» What the task asks
Repeat the listing below in full and exactly. Pictures are to be omitted.
[[ Collected data, beginning ]]
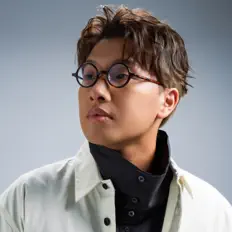 Listen to Wilson Ng, watch music videos, read bio, see tour dates & more!
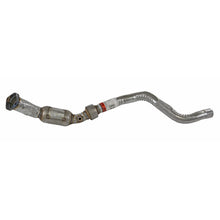 Load image into Gallery viewer, 84591 Catalytic Converter Walker Exhaust Canada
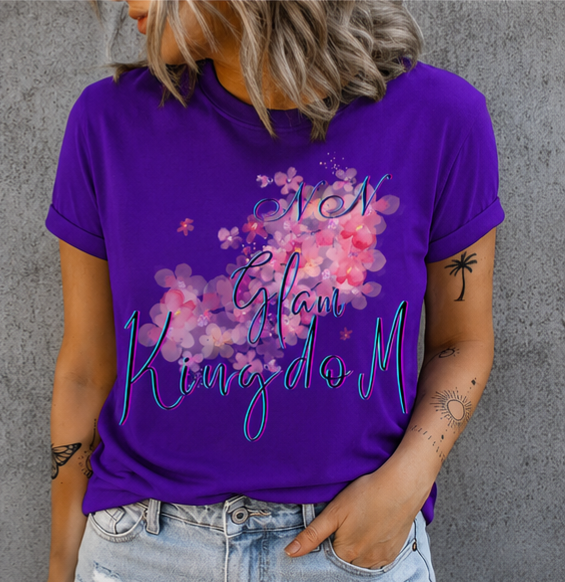 NN GLAM Women`s Fashion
[[ Collected data, end ]]
» Reply
 Listen to Wilson Ng, watch music videos, read bio, see tour dates & more!
 Load image into Gallery viewer, 84591 Catalytic Converter Walker Exhaust Canada
 NN GLAM Women`s Fashion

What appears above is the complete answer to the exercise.